Autre principe qui fait grincer des dents, celui du "premier arrivé, premier servi" pour la première tranche de 30 millions d'euros d'aides à la reconstruction, une mention vite retirée du site internet FranceAgriMer où sont déposées les demandes.
Une grosse inquiétude
Les 60 millions d'euros pour l'aide à la reconstruction suffiront-ils pour les exploitations agricoles des trois régions ? Il existe une "grosse inquiétude" que ce ne soit pas le cas, reconnaît Anthony Charbonnier. Une autre crainte porte sur les agriculteurs ayant engagé des travaux avant le 16 novembre, qui ne seront pas pris en charge, poursuit-il. Il faudra attendre fin mars pour y voir clair, selon lui.
Jonathan Chabert, maraîcher bio et porte-parole de la Confédération paysanne, a contribué à informer les agriculteurs touchés des aides mises en place.
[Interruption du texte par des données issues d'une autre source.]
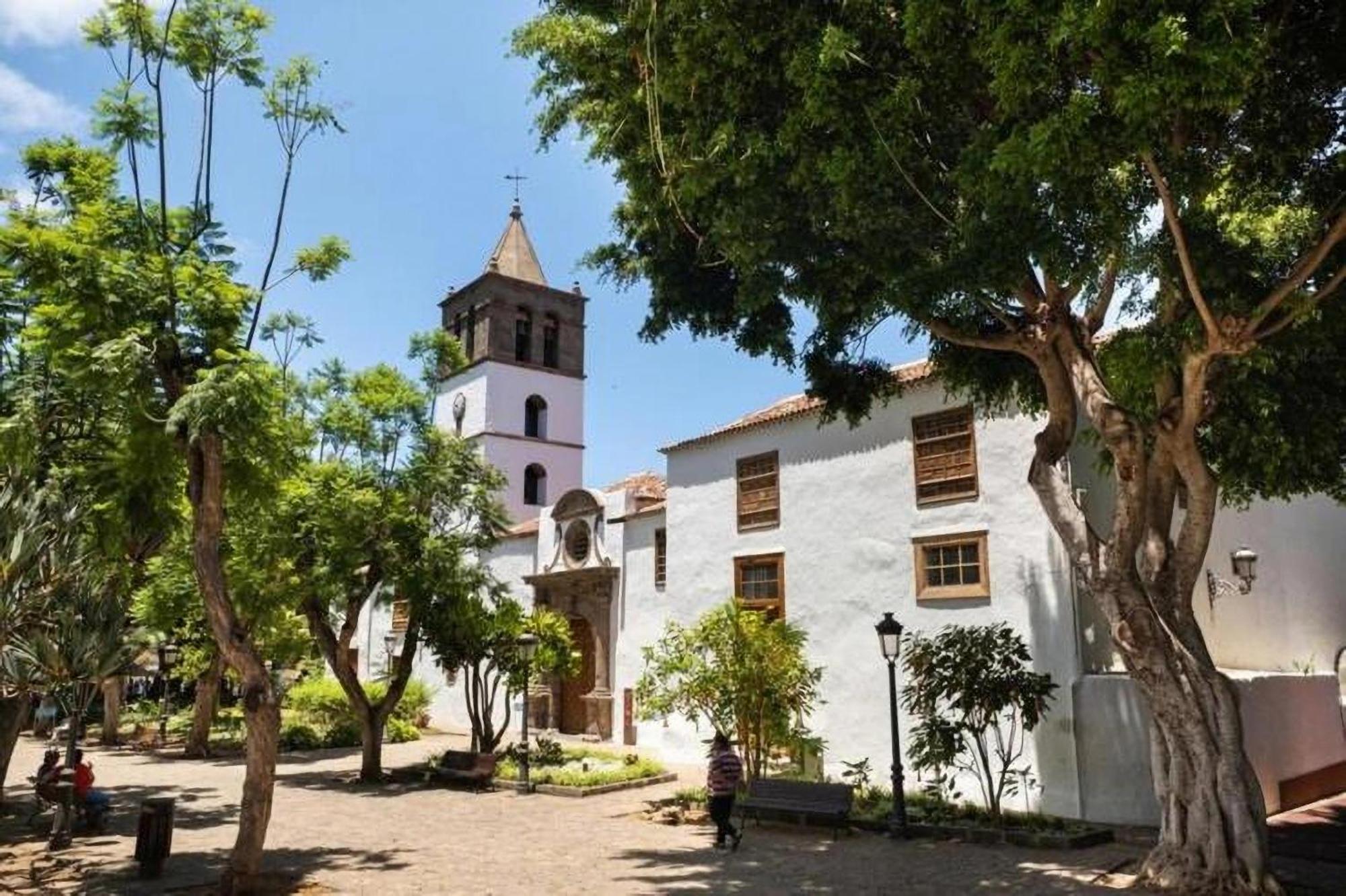 Icod De Los Vinos Centro Buitenkant foto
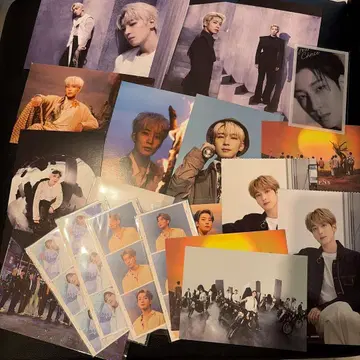 SEVENTEEN 원우 포토 카드 세트 포스카 세부치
Il n'a recensé qu'une poignée de cessations d'activités chez des maraîchers pour l'instant, mais pour au moins un d'entre eux, "si le guichet avait été ouvert un mois après la tempête, je suis convaincu qu'il n'aurait pas arrêté".
"On doit tirer des leçons de la tempête Ciaran, du changement climatique, du déficit abyssal de l'assurance privée et de l'échec de l'assurance récolte", réclame-t-il, rappelant la revendication du troisième syndicat agricole en France d'un fonds mutuel et solidaire face aux risques climatiques.